EXERCISE BRIEF:
Would you please copy all of the data exactly, skipping the images?

DATA EXTRACT:
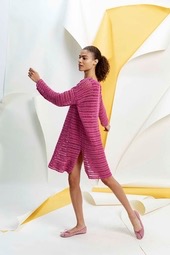 Lang Yarns Fatto a Mano 267 Collectie Voorjaar/Zomer 2021 - Afbeelding 6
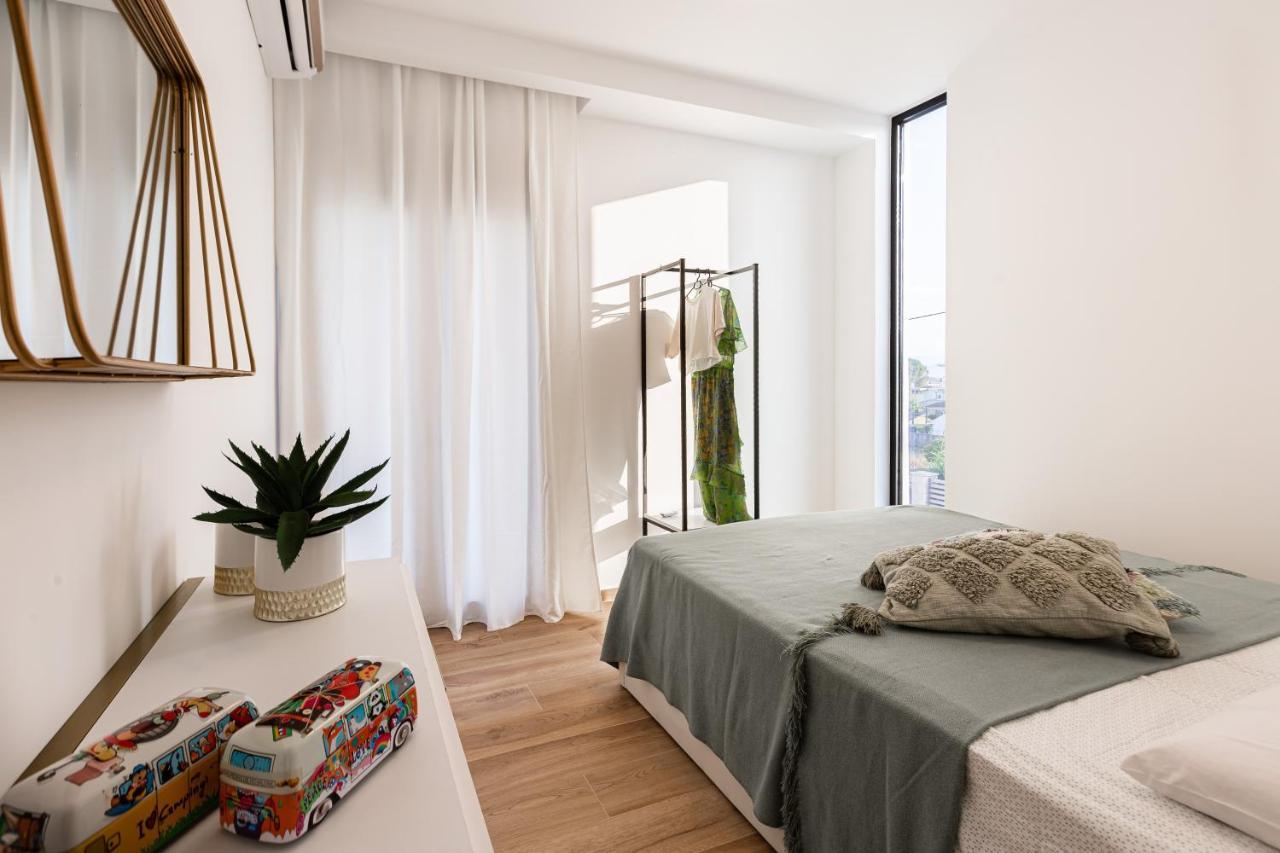 Sunshine Villa Anabolu Dış mekan fotoğraf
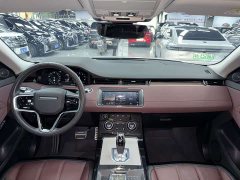 Land Rover Range Rover Evoque New Energy Evoque L P300e Plug-in Hybrid - ფოტო 12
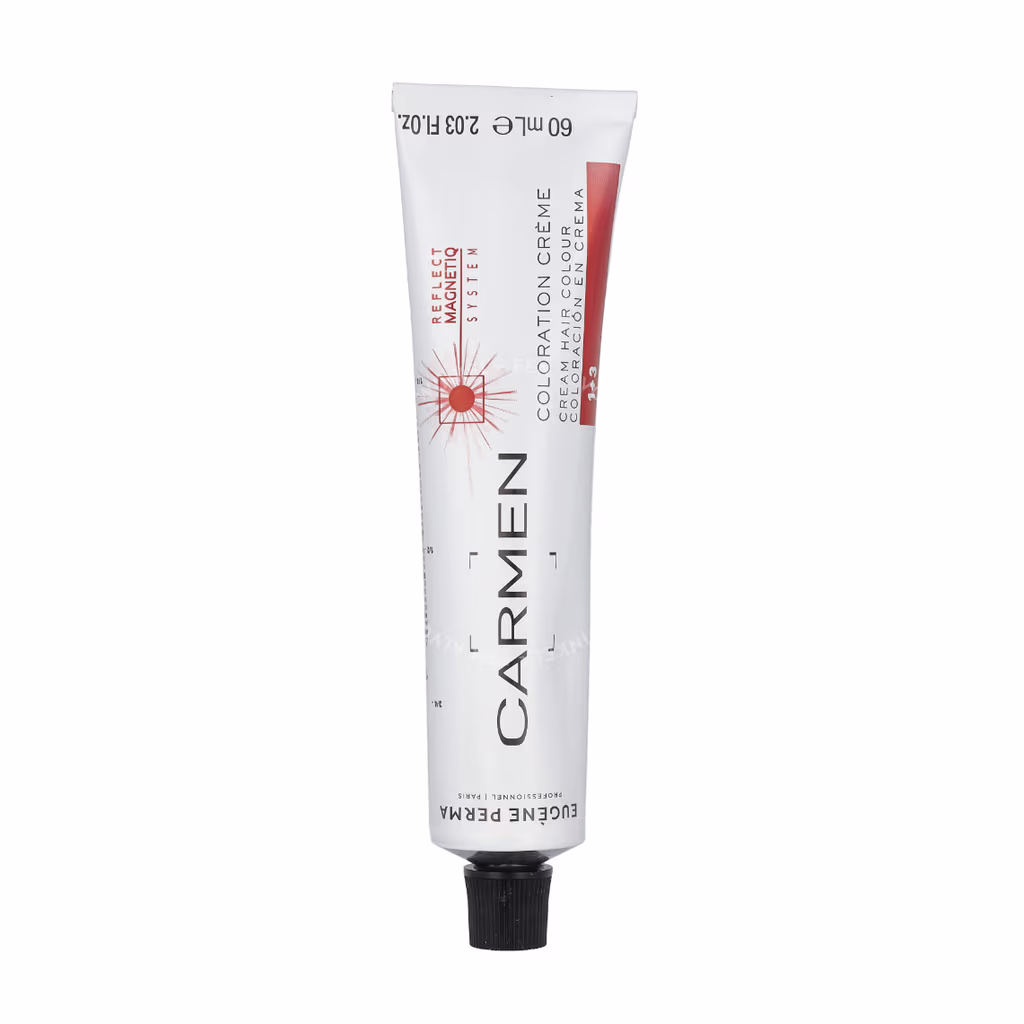 Eugene Perma Eugene Perma Carmen Cream Hair Colour — 2001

SOLUTION TO THE PROBLEM:
 Lang Yarns Fatto a Mano 267 Collectie Voorjaar/Zomer 2021 - Afbeelding 6
 Sunshine Villa Anabolu Dış mekan fotoğraf
 Land Rover Range Rover Evoque New Energy Evoque L P300e Plug-in Hybrid - ფოტო 12
 Eugene Perma Eugene Perma Carmen Cream Hair Colour — 2001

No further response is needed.